From the entries below, reproduce exactly the lines from the one with "Risposta : ULIVO IN FITOCELLA - VASO" through the one with "X0000116330954200912011130", both included, without images.
─── Entries shown ───
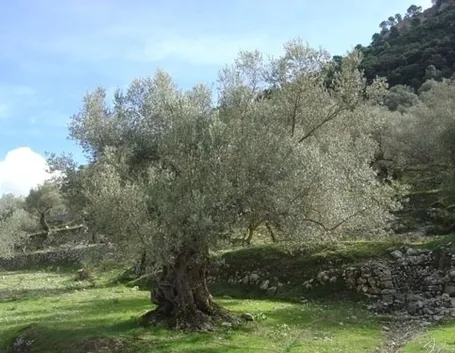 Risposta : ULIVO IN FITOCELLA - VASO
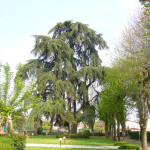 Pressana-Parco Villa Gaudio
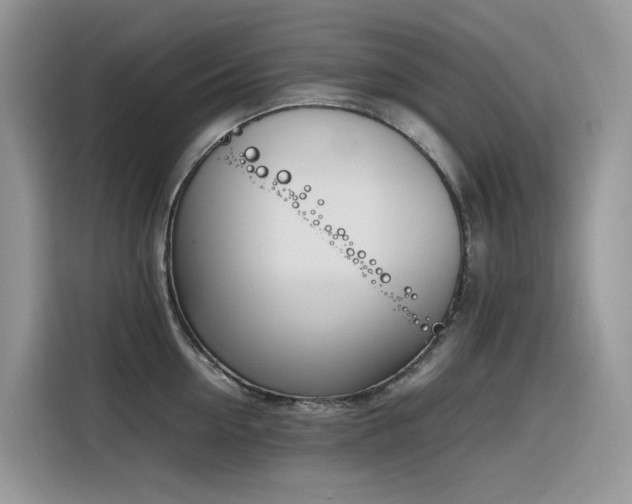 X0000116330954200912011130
───
─── Entries shown ───
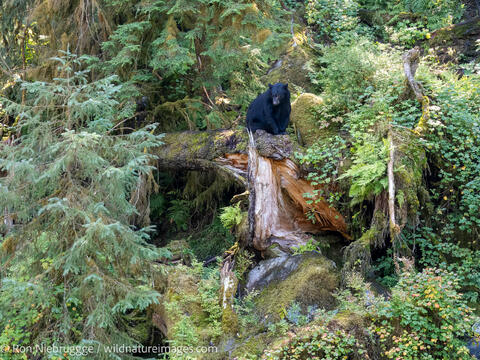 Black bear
───
─── Entries shown ───
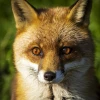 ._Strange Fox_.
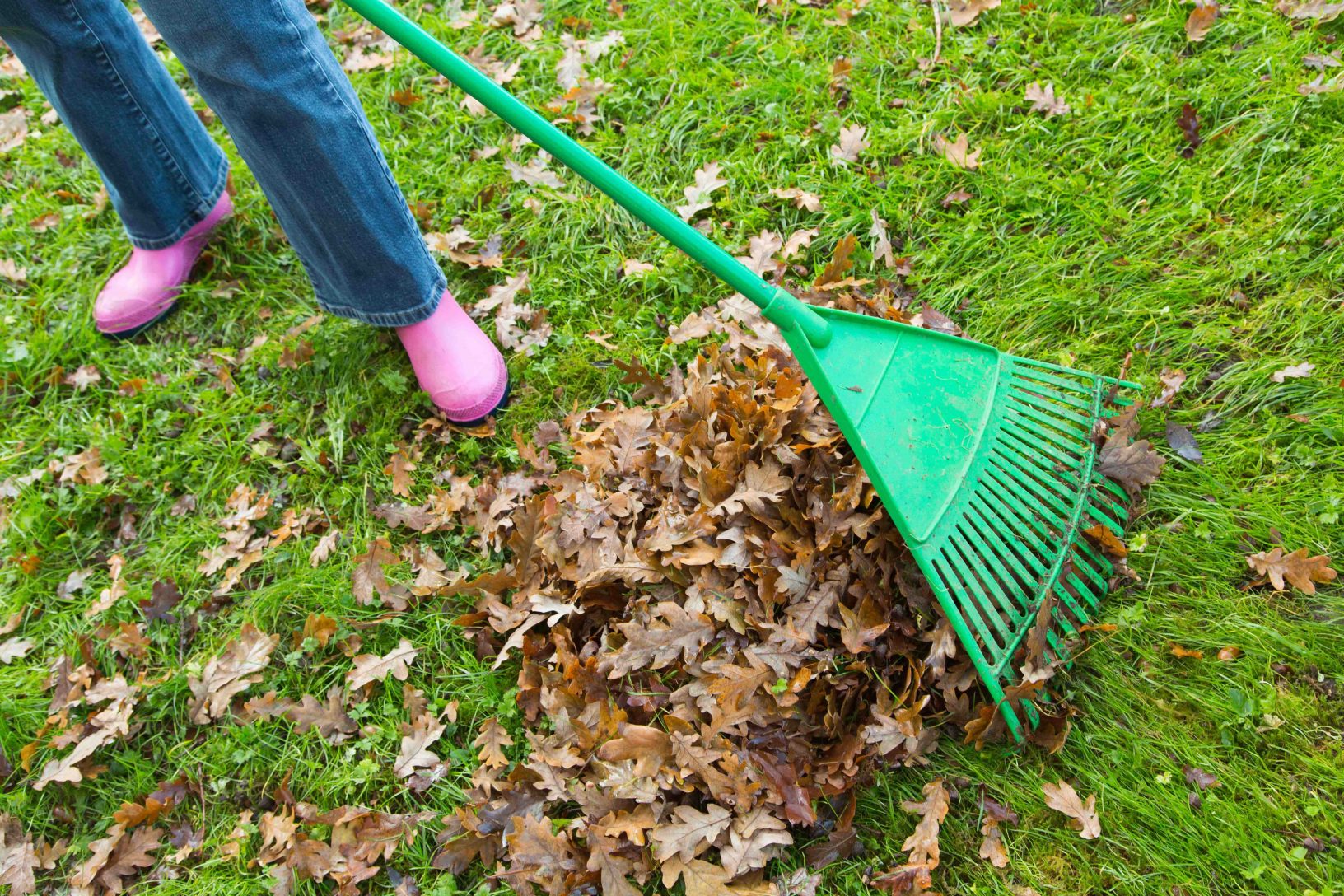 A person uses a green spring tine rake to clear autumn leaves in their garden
───
### [Response to this task]
 Risposta : ULIVO IN FITOCELLA - VASO
 Pressana-Parco Villa Gaudio
 X0000116330954200912011130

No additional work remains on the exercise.